To me, the epitome of Dwight Eisenhower's spirit was toward the end of the 1968 campaign, when David and I walked into his hospital room at Walter Reed. He's propped up in bed on two pillows, wearing a hospital gown, and he's so thin. But his face just lights up because his grandson has come in. And he whips open his hospital gown, and there, on the electrodes attached to each side of his chest, he has stuck a Nixon-Agnew sticker! All just to make spirits soar. It was remarkable.

David: I would say the same thing. The title "Going Home to Glory" says that it's really his journey, from the presidency to the end. And the reason we did a book on it is that his journey made such an impression on us.

Even at the end, look at the way he wants to make sure Mamie's all right when she has her tests in early 1969; that's the very last entry he writes from the hospital. He thought of others, and he faced this infirmity with the same character that he brought to all of his challenges in public service. He did not hold himself above others. He simply faced life as it presented itself to him, with great courage.

What have each of you missed most about him since his death?

David: I don't think he's ever quite gone away, to be honest!

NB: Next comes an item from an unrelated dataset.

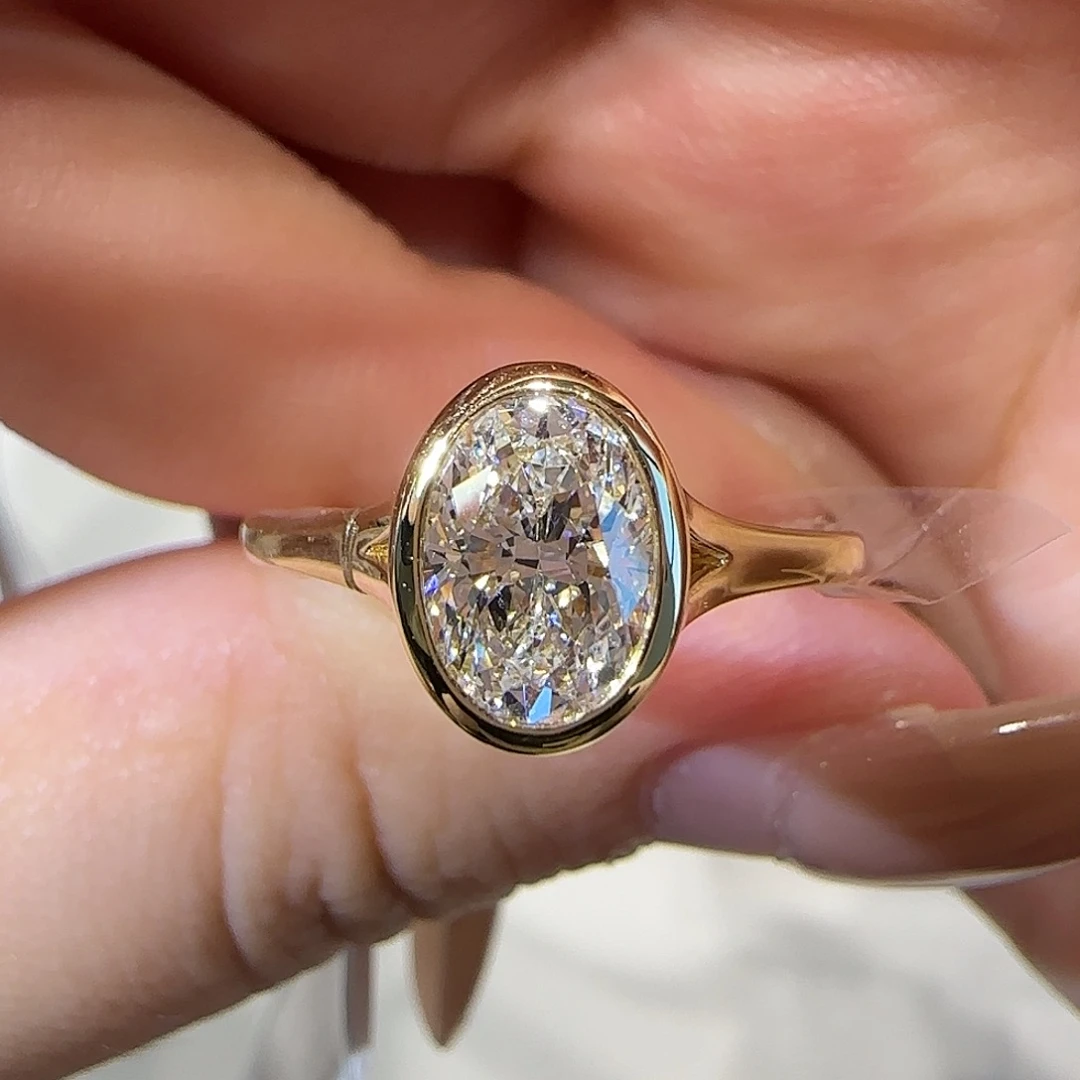 18K金镶嵌实验室培育钻石包镶椭圆1卡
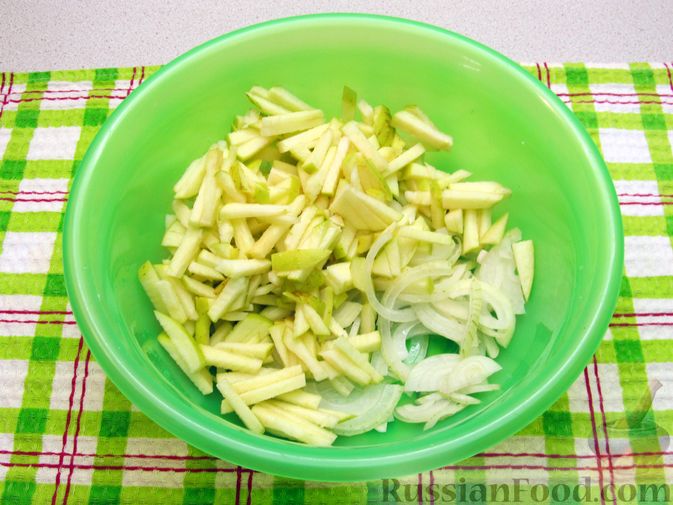 Фото приготовления рецепта: Салат с селёдкой, кукурузой, яблоком и консервированным горошком - шаг №5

I've gotten to know so much more about him in the years since his death—working on Eisenhower: At War, the book I wrote about his years as supreme commander. He's never gone away in that sense.

I think Julie would agree that he was a very powerful presence, with extraordinary energy and vitality, and that presence is missed. And we could say the same thing about her dad and other figures we've known. They're irreplaceable.

Julie: I think that's a beautiful way of putting it. All that I would add is that he was a grandfather figure to me—not in the sense that I knew him well as a child, because I only met him a few times. But it was his presence in my parents' lives. They would be campaigning or going to countries around the world representing him. He was like a daily presence when I was growing up. And I watched my father anguish when Pres. Eisenhower died, because he had so much respect and admiration and affection for him. This was a major father figure for him, so his loss was felt very much in our family.